The results are summarized in Table 1. All but 2 of the 75 naive observers consistently saw a horizontal row of flashing dots whenever they saccaded horizontally across the flashing LED, and even 1 of these 2 people initially appeared to see the array. Further, of the 60 observers who were able to see the temporal sequence of the flashes, all but 4 saw them flashing on and off sequentially in a direction opposite to the eye movement's, and even 2 of these 4 observers changed their mind when they were asked to examine the phenomenon a second time (i.e., they too reported seeing a direction of motion opposite to the eye movement's).

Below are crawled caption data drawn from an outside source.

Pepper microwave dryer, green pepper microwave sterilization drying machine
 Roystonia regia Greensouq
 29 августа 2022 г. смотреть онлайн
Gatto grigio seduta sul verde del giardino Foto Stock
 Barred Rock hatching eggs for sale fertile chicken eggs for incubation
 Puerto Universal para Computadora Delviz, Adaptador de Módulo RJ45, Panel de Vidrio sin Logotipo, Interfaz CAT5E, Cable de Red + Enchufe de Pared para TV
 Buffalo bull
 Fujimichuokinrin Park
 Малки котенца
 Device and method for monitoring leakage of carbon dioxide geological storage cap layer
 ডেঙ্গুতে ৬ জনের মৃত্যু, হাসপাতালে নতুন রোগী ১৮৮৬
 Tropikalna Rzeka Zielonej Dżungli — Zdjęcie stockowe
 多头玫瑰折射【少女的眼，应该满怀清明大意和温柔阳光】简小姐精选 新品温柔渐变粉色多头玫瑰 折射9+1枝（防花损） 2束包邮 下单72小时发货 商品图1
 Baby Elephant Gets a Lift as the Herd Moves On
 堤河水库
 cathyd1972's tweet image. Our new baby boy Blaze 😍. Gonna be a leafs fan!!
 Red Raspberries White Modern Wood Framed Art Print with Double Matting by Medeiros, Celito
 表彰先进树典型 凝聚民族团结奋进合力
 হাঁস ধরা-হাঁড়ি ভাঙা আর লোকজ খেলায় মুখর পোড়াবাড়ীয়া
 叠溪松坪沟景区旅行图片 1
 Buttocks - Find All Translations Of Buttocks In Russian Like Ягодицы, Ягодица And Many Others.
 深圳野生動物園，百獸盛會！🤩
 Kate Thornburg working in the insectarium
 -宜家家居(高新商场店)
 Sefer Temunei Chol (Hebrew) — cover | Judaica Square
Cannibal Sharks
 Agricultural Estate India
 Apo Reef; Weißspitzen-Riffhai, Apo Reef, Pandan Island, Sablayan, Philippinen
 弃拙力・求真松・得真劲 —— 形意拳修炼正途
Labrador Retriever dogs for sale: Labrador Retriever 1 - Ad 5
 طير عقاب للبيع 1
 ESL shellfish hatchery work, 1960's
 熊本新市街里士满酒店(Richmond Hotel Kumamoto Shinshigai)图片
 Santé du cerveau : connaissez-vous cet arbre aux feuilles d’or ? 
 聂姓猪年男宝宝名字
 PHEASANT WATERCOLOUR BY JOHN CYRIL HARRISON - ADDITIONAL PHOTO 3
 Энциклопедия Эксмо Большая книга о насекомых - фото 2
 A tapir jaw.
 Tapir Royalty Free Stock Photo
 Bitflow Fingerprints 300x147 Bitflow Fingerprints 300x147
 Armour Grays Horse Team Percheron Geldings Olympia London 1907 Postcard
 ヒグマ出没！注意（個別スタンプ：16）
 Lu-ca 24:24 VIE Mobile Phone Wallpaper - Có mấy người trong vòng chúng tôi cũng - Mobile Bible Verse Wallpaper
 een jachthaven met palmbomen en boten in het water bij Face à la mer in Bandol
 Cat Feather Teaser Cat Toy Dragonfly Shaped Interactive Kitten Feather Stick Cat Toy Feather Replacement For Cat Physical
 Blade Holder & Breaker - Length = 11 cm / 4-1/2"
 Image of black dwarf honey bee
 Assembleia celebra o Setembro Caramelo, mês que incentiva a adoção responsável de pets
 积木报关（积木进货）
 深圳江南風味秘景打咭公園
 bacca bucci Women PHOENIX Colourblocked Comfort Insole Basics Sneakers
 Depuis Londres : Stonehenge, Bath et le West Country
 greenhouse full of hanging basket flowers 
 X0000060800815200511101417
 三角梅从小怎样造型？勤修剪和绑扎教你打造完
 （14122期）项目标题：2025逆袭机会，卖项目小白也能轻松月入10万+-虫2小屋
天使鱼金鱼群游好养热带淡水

Furthermore, of the 73 observers who consistently saw the horizontal row of dots, all but 5 (i.e., 93%) saw the individual dots as being stationary or as moving in a direction opposite to the eye movement's (this apparent motion appears to be the phi produced by the sequential flashes). (The 5 observers who reported that the dots moved in the same direction as the eye movement may have been reporting a displacement of the entire array rather than a motion of the individual dots, because all 5 of these observers subsequently reported that they saw the array displaced to the right when they looked to the right.) Finally, only 6 (8%) of 73 observers consistently saw the array as straddling the location of the LED. The other 67 observers saw it located to one side of the LED, with only 10 (15%) of these 67 observers consistently locating it on the side opposite the new direction of gaze. That means that 57 (85%) of these 67 observers saw the entire array on the side associated with the new direction of gaze.
Table 1

Relative Numbers of Observers Answering Questions in a Fashion
Consistent With Hershberger's Description of the Phantom Array

Q#/ASPECT FIRST TIME SECOND TIME COMBINED

Q#1 ROW 99% (74/75) 100% (1/1) 100% (75/75)
Q#2 ROW 97% (73/75) 50% (1/2) 99% (74/75)
Q#3 ROW 97% (72/74) 100% (2/2) 100% (74/74)
Q#4 ROW 97% (72/74) 100% (2/2) 100% (74/74)
Q#5 ROW 97% (72/74) 100% (2/2) 100% (74/74)
Q#6 SEQUENCE 62% (45/73) 54% (15/28) 82% (60/73)
Q#7 SEQUENCE 93% (56/60) 50% (2/4) 97% (58/60)
Q#8 SEQUENCE 78% (45/58) 62% (8/13) 91% (53/58)
Q#9 FIXED 38% (28/73) 89% (40/45) 93% (68/73)
Q#10 SIDE 78% (57/73) 63% (10/16) 92% (67/73)
Q#11 SIDE 73% (49/67) 44% (8/18) 85% (57/67)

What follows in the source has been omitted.